Aim of the exercise — Beginning with the line that contains "ホルモンの波が引き起こす女性の2大悩み月経痛とPMSの正体は Femlink Lab", reproduce the remaining lines of the material exactly, up to and including the last one, but no pictures.

Data extract —

• • •

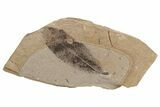 Fossil Leaf (Decodon?) - McAbee, BC #237706-1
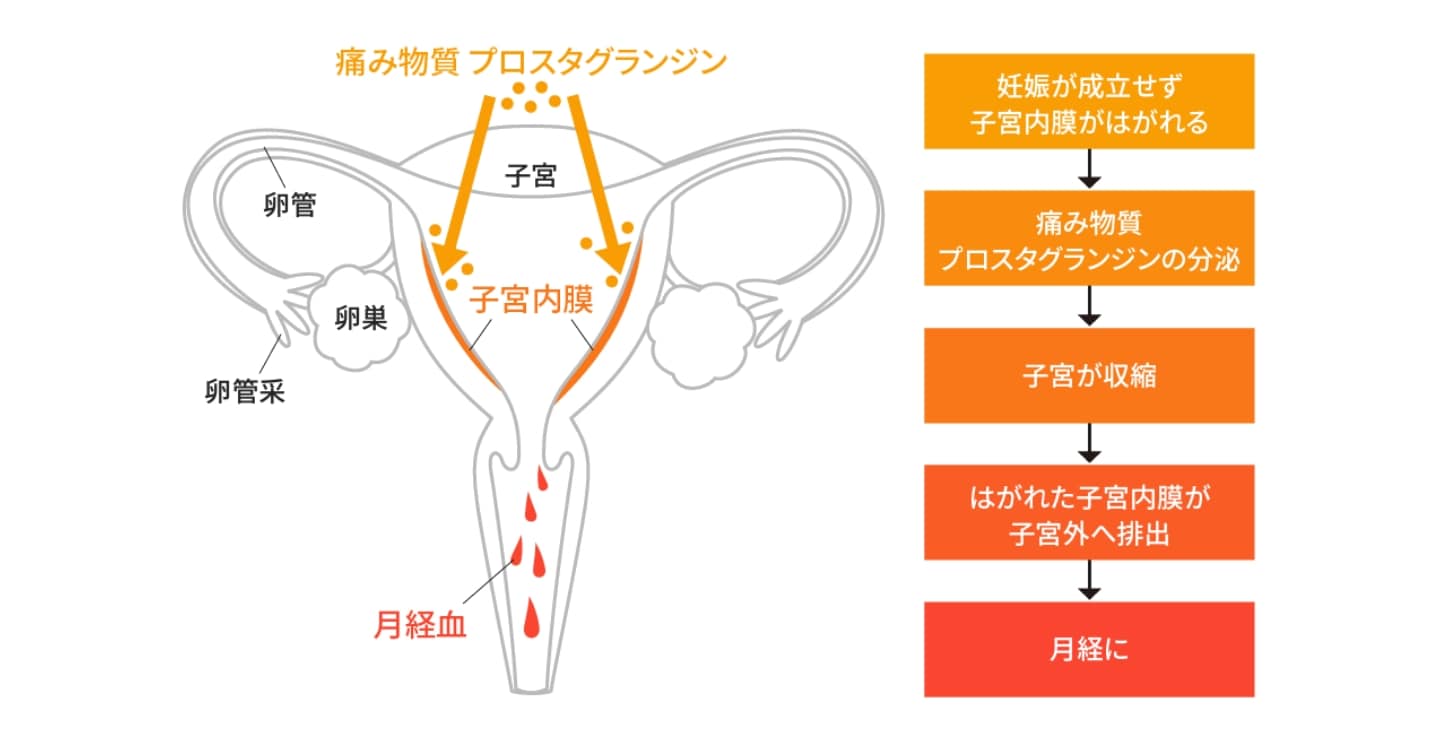 ホルモンの波が引き起こす女性の2大悩み月経痛とPMSの正体は Femlink Lab フェムリンクラボ 株式会社 明治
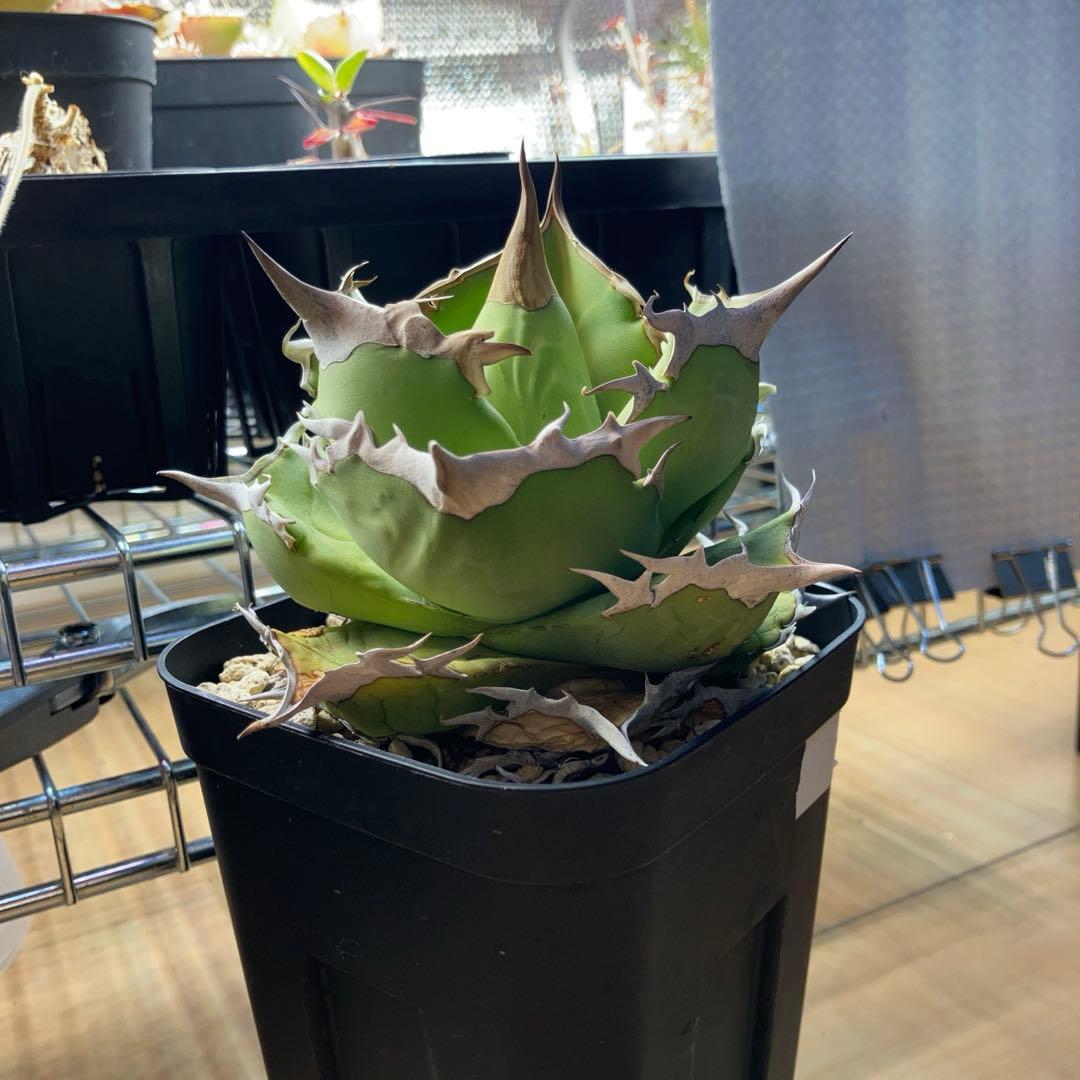 白犀牛　アガベ　中株①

• • •

Reply —
 ホルモンの波が引き起こす女性の2大悩み月経痛とPMSの正体は Femlink Lab フェムリンクラボ 株式会社 明治
 白犀牛　アガベ　中株①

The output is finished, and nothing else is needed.